- _Work instruction_
Write out again only the lines that run from the start of the entries to the line containing "Color-Changing Foundation SPF 15—Korean skin", both included.

- _Given records_
▬▬▬

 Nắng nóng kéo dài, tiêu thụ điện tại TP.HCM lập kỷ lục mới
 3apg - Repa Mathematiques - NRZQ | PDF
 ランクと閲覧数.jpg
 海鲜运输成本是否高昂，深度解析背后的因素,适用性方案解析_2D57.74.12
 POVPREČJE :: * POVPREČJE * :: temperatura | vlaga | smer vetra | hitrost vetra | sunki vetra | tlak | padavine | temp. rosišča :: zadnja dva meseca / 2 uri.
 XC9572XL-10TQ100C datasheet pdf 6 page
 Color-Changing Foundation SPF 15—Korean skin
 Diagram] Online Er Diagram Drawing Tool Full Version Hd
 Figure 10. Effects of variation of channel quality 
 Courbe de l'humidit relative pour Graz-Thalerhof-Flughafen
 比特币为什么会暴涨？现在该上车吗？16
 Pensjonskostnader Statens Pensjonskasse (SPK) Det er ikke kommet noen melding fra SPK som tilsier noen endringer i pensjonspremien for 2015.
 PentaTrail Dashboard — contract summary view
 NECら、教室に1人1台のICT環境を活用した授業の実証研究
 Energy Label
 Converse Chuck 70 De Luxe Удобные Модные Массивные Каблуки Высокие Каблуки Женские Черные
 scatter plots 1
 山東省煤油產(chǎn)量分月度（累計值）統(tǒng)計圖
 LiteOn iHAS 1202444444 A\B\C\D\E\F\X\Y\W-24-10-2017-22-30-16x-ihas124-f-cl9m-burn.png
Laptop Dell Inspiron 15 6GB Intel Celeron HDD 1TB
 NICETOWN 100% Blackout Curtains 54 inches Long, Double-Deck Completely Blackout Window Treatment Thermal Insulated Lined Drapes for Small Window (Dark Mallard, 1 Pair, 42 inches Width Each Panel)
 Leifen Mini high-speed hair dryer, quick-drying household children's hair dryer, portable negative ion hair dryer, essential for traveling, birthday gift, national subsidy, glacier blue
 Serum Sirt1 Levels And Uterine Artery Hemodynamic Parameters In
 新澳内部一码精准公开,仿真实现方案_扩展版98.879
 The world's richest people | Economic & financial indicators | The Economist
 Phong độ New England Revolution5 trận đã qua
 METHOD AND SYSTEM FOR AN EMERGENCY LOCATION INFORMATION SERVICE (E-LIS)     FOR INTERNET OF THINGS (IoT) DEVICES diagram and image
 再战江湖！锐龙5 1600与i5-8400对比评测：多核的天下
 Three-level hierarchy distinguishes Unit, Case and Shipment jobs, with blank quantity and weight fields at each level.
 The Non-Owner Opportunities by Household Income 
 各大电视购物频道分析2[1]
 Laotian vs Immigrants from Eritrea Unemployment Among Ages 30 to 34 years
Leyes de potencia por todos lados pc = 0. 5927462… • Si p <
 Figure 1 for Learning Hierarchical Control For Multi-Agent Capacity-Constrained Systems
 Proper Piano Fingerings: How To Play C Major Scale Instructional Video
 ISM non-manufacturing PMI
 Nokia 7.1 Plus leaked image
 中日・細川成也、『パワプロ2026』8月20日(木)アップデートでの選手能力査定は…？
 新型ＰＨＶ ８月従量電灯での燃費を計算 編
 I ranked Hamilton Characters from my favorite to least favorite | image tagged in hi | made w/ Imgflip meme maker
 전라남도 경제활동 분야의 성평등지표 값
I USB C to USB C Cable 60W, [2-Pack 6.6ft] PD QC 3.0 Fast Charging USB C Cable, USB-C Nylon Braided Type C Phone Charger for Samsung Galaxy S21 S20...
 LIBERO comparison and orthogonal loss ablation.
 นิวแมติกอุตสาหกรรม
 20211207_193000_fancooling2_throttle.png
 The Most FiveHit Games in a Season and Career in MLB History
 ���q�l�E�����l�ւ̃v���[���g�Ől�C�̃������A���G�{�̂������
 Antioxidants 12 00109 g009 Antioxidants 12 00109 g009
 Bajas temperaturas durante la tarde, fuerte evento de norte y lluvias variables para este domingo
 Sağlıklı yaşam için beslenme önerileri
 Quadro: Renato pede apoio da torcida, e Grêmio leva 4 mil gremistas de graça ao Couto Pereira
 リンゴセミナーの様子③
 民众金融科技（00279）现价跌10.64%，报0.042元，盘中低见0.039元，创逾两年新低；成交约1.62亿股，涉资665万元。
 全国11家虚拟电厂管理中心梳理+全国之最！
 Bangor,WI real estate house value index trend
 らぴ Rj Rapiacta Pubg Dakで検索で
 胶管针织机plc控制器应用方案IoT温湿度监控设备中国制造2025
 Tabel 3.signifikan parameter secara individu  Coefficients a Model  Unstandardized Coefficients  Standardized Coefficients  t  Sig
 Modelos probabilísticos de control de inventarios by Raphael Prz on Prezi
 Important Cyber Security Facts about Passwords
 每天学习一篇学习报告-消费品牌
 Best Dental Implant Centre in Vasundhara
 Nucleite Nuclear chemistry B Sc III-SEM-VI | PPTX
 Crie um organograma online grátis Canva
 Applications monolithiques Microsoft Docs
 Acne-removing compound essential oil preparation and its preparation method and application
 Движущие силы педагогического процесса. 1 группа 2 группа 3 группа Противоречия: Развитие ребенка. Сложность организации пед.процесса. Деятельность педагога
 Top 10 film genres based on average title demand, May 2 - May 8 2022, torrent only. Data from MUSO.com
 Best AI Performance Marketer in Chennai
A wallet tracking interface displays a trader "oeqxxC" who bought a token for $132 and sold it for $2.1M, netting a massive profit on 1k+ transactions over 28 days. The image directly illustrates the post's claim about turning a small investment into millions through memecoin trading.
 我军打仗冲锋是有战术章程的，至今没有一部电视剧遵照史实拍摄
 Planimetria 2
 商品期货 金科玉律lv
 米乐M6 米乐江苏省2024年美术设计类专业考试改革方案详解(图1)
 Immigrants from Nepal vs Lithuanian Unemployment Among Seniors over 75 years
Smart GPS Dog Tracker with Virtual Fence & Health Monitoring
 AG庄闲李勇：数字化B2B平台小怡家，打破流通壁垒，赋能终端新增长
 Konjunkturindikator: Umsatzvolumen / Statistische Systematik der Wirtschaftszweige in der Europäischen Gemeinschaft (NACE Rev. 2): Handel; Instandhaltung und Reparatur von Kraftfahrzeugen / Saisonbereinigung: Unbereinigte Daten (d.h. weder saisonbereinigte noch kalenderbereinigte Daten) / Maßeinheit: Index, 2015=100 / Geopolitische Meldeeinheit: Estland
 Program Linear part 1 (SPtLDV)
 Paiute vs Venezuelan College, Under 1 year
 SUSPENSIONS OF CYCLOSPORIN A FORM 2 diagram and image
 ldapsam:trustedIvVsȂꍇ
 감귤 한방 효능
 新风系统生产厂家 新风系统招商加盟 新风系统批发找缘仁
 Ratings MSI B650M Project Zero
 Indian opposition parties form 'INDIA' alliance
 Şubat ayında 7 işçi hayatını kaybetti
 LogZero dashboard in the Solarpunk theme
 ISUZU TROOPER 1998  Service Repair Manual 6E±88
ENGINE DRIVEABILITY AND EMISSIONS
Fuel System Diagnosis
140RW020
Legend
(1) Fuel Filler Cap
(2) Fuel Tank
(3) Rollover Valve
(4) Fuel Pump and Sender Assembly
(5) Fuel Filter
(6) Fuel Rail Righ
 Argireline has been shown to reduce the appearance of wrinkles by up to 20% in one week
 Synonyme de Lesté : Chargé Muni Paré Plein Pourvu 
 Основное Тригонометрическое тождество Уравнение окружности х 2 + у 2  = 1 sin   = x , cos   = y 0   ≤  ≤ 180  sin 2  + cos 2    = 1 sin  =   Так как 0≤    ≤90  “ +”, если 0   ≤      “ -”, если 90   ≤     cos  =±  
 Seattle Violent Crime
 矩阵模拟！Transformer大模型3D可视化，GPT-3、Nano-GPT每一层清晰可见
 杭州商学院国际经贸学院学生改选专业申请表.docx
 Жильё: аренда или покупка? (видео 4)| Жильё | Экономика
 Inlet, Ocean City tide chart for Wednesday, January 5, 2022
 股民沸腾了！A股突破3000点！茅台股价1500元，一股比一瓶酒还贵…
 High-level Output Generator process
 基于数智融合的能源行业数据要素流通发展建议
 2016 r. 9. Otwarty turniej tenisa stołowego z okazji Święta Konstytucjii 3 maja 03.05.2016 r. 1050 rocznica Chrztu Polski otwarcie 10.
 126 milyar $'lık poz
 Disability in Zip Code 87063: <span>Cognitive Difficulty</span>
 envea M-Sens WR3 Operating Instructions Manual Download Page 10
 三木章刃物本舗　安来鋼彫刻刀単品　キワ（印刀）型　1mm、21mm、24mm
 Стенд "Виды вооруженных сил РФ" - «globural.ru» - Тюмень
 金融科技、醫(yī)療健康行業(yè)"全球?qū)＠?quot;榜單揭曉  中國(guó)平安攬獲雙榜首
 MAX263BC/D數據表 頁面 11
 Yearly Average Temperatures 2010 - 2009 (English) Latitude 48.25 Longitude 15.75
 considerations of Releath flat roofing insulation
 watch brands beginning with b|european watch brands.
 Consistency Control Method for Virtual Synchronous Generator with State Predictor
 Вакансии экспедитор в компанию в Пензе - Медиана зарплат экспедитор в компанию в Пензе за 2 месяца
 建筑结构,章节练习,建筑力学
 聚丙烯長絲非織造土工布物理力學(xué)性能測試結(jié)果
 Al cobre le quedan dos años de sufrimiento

▬▬▬

- _Result of this exercise_
 Nắng nóng kéo dài, tiêu thụ điện tại TP.HCM lập kỷ lục mới
 3apg - Repa Mathematiques - NRZQ | PDF
 ランクと閲覧数.jpg
 海鲜运输成本是否高昂，深度解析背后的因素,适用性方案解析_2D57.74.12
 POVPREČJE :: * POVPREČJE * :: temperatura | vlaga | smer vetra | hitrost vetra | sunki vetra | tlak | padavine | temp. rosišča :: zadnja dva meseca / 2 uri.
 XC9572XL-10TQ100C datasheet pdf 6 page
 Color-Changing Foundation SPF 15—Korean skin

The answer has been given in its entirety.